The food tasted delicious and fresh but revealed no secrets. It did, however, make us drowsy, and, like the poppy-sniffing clan from the Wizard of Oz, we fell asleep on park benches.

As I drifted off, I thought about the question of Spanish food again. My copy of Lonely Planet’s World Food Spain, had helped me understand what Spanish cuisine was not: molded, mashed, or pureed beyond recognition.

“Your food will not be tarted up and made to look cute, or grand, or rare and costly. There is no over-reliance on sauces... no confusion of tastes.”


The book was published nearly ten years ago and despite the emergence of innovative, molecular Spanish chefs such as Ferran Adria, who sparked the culinary foam craze, I wondered if Spanish food was just a collection of local ingredients and styles prepared well, like the foods we enjoyed at our picnic.

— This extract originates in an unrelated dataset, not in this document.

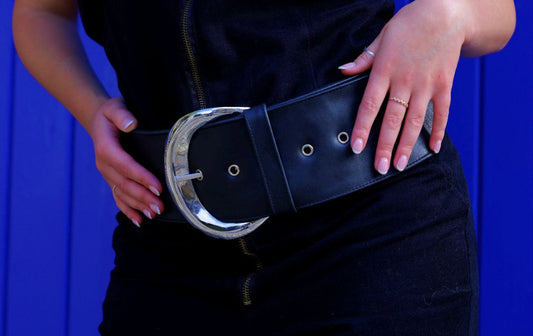 Moon Belt Classic in Black Leather and Chrome Buckle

We ate a wide range of delicious dishes that week that were labeled Spanish or Catalan (which is more Mediterranean-focused), including a tasty dessert soup of ‘Maria Luisa' with lemon ice cream, mint-and-ginger plum cake, melon, and lychee at Jordi Villa’s chef-owned Alkimia as well as a more down-to-earth meal of lamb, bacalau (salt cod), and pepper tapas at our favorite slow-food certified Mam i Teca. The tiny, five- maybe six-table wine bar and tapas restaurant by far brought me the closest to understanding Spanish cuisine, and the jovial owner-chef, Alfons Bach, was so spirited that he did a little dance, showing us some leg, as he closed the blinds, marking the end of the evening at around 1 a.m.

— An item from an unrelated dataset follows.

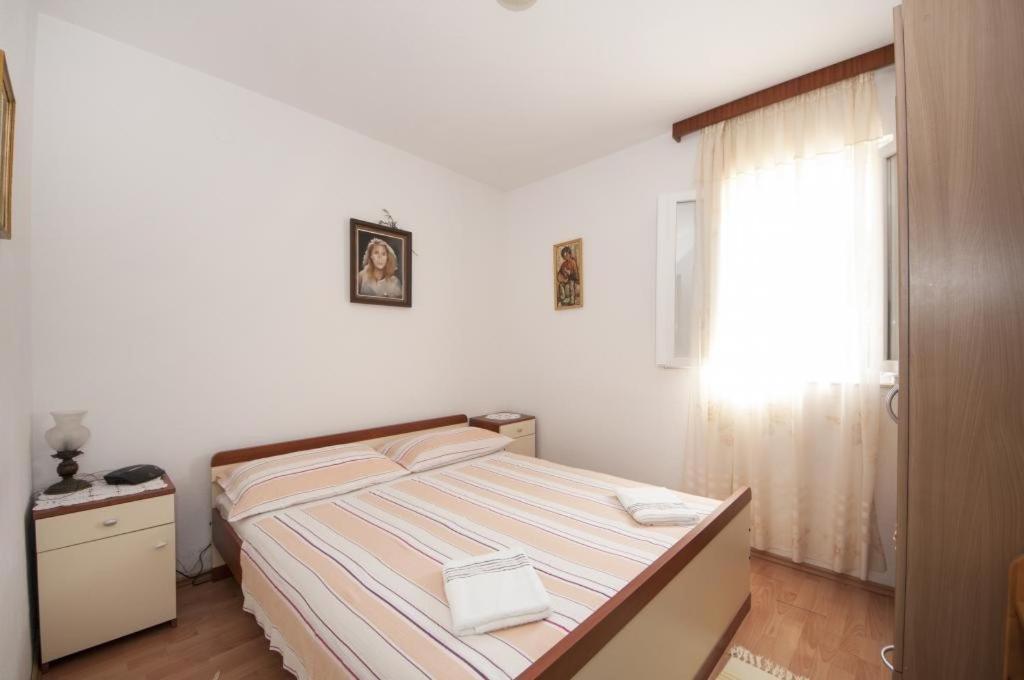 Apartments Mira Splitska Εξωτερικό φωτογραφία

Still, it wasn’t until I returned home that I finally figured out Spanish cuisine. And it happened from what I deem an unlikely source: Martha Stewart.

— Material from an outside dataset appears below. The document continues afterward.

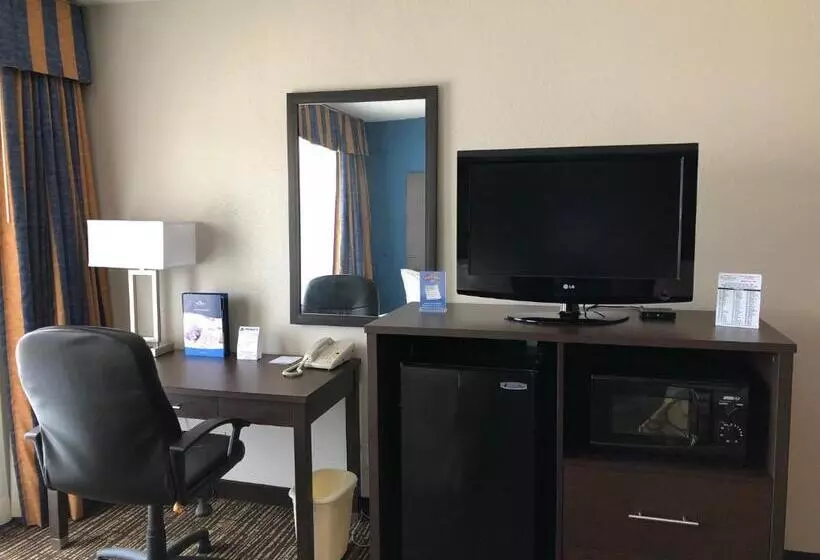 キングサイズベッドのスタンダードルーム, Baymont By Wyndham Washington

I know, I know. It’s ridiculous. I travel all the way to Spain only to come home and discover the “real” Spanish cuisine from Martha Stewart. I’m embarrassed.

I made her chorizo tortilla and piquillo peppers stuffed with shrimp salad, starting with a Serrano ham and olive appetizer, which I downed with a sherry fino cocktail. What I finally understood after assembling all those Spanish ingredients at the same time was that the culinary identity of Spain was in fact, not a single identity, but a delicate ecosystem of fat and acid from locally made ingredients.

When I chewed on the smoky Serrano ham and followed it with a sip of super dry sherry fino, two ingredients I failed to try on my trip, I tasted Spain for the first time.


Tortilla Espanola con Chorizo

Adapted from Martha Stewart's Living. (Note on adaptation: Martha included six ounces of chorizo, which slightly overpowered the potato and egg flavor. I cut it back the chorizo amount by one ounce to bring out the sweetness of the potatoes).

Serve the tortilla espanola with Martha's Stewart's "Piquillo Peppers Stuffed with Shrimp Salad" and enjoy with a glass of sherry fino.

1/2 cup extra-virgin olive oil
1-1/4 pounds Yukon Gold potatoes (about 3 large), peeled and cut into 3/4-inch cubes
1 small onion, diced
5 ounces dried chorizo, cut into 1/4-inch dice
6 large eggs, beaten

Heat the oil in a heavy, 8-inch skillet over medium-low heat. Add the potatoes and onion, and season with salt. Cover and cook the potatoes until they are tender, about 12 minutes. Using a slotted spoon, transfer the potatoes and onion to a bowl. Add the chorizo to the skillet and cook, stirring occasionally, for 3 minutes. Transfer the chorizo and pan drippings to potato-onion mixture. Reserve skillet.

Add the eggs to the potato-onion mixture and season with salt and pepper. Lightly coat the skillet with more oil if needed and heat over a medium flame. Pour in the egg mixture and stir to combine and press to flatten. Cook, running a flexible spatula around the edges occasionally until the edges set and the center is slightly running, about 6 minutes. Place a plate, upside down, over the skillet, and invert the tortilla onto the plate (be careful about the hot oil that will drip out of the pan). Slide the tortilla back into the skillet and cook over low heat until it's completely set in the center, a few minutes longer. Slice and serve.




Interested in Barcelona? Check out more photos here.

Note on ingredients: It's difficult to find piquiilo peppers at most local markets in my area so I purchased them, along with a couple of packs of Serrano ham, online from La Tienda.